▸ Data records:

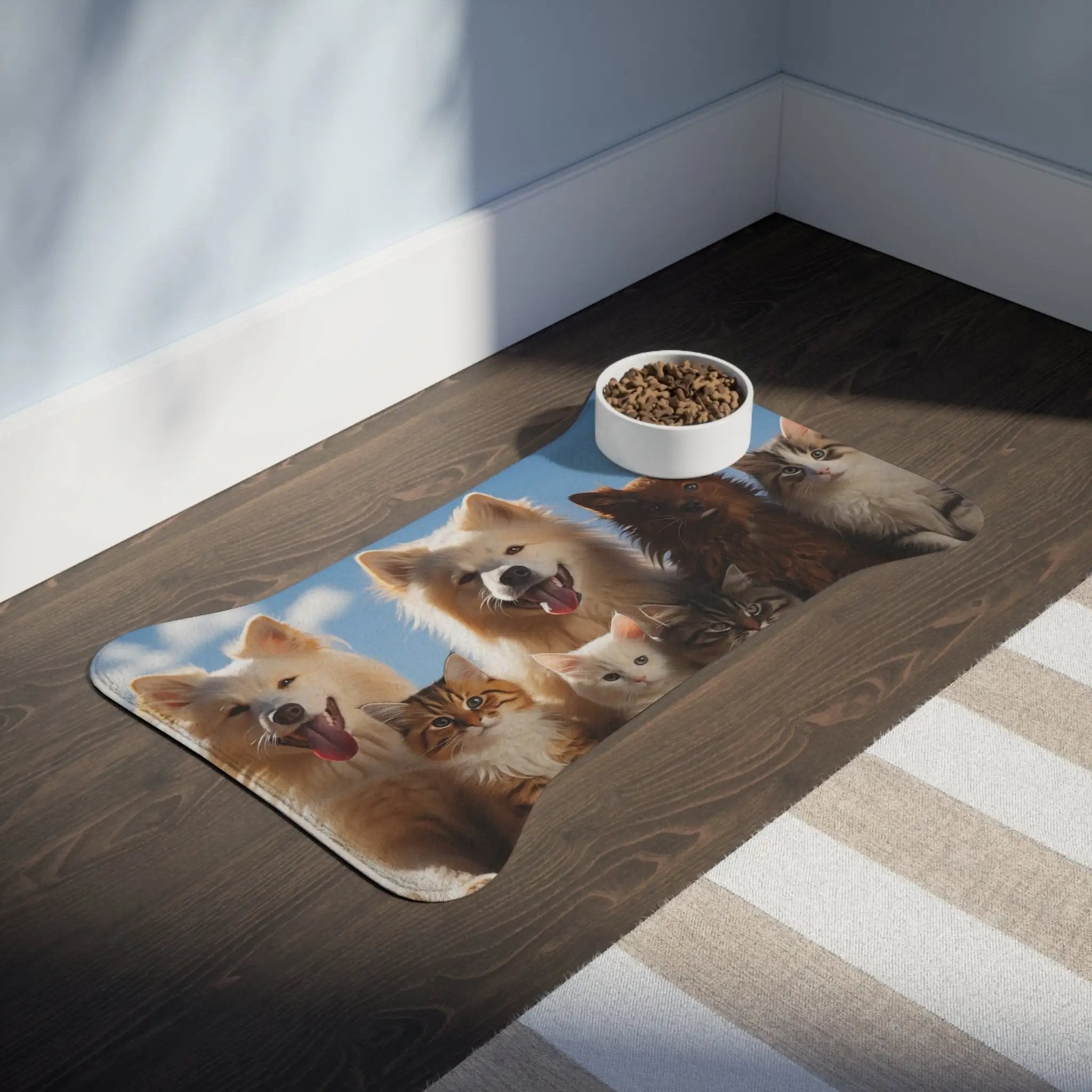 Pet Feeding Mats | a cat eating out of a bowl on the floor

* * *

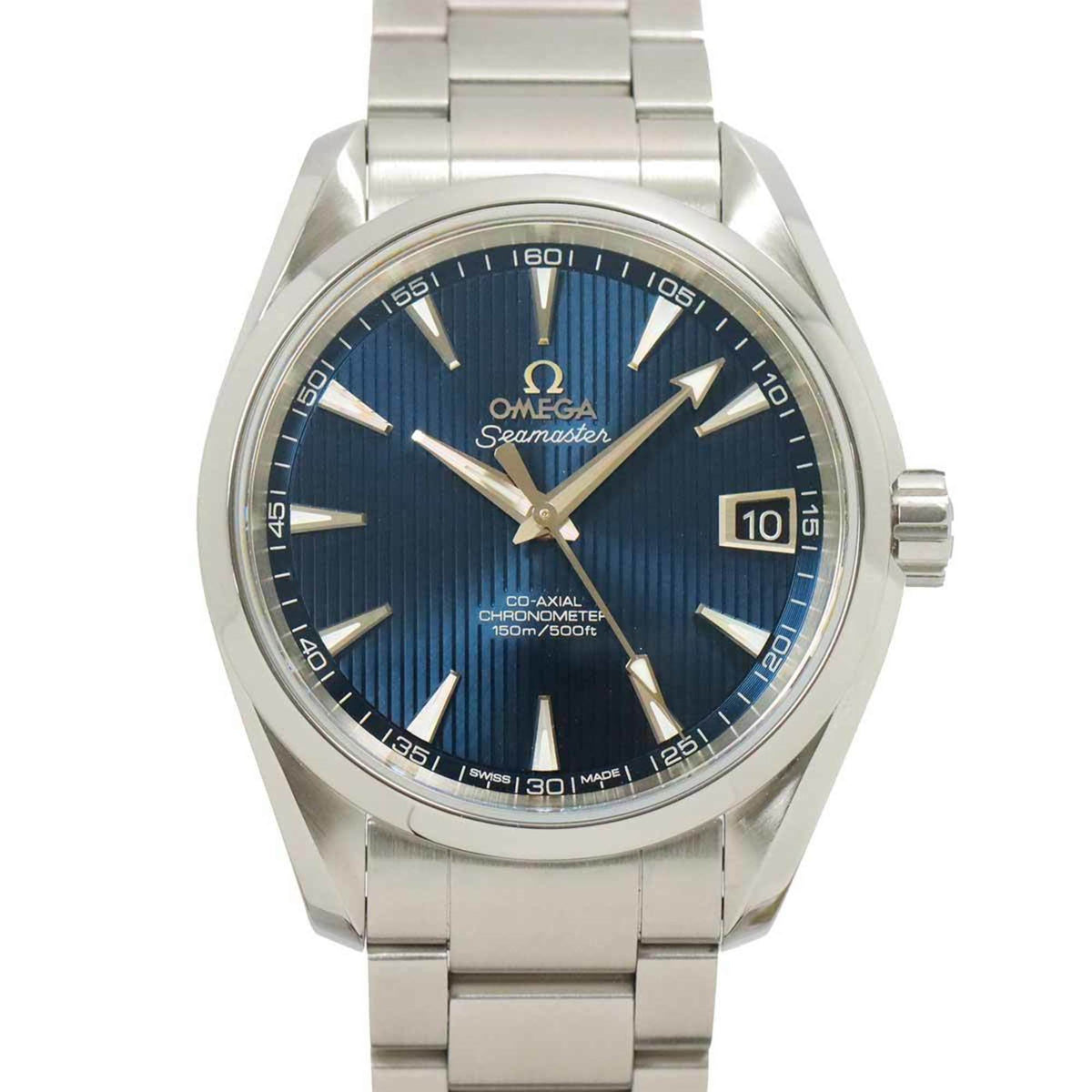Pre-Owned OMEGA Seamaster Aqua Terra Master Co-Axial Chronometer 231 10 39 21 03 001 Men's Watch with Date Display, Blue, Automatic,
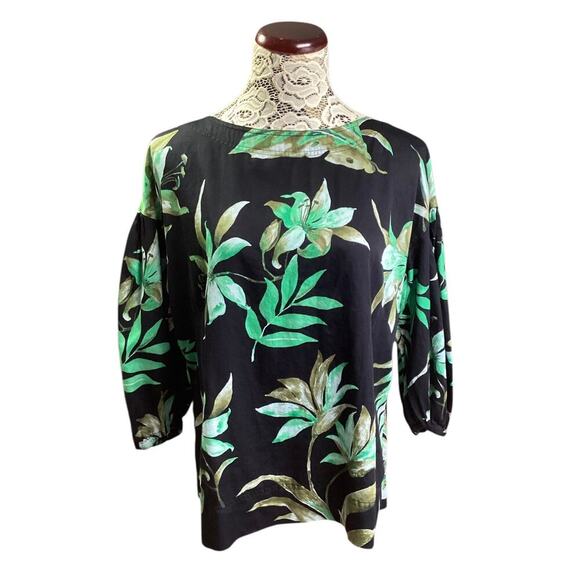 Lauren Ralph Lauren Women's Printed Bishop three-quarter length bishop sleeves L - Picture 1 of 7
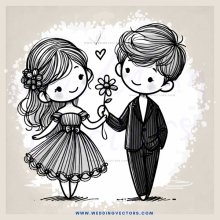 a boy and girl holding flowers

▸ Description of the task: Within the material above, only the stretch from the line holding "Pre-Owned OMEGA Seamaster" through the line holding "a boy and girl holding flowers" is to be restated exactly. Pictures are dropped.

▸ Task response:
Pre-Owned OMEGA Seamaster Aqua Terra Master Co-Axial Chronometer 231 10 39 21 03 001 Men's Watch with Date Display, Blue, Automatic,
 Lauren Ralph Lauren Women's Printed Bishop three-quarter length bishop sleeves L - Picture 1 of 7
 a boy and girl holding flowers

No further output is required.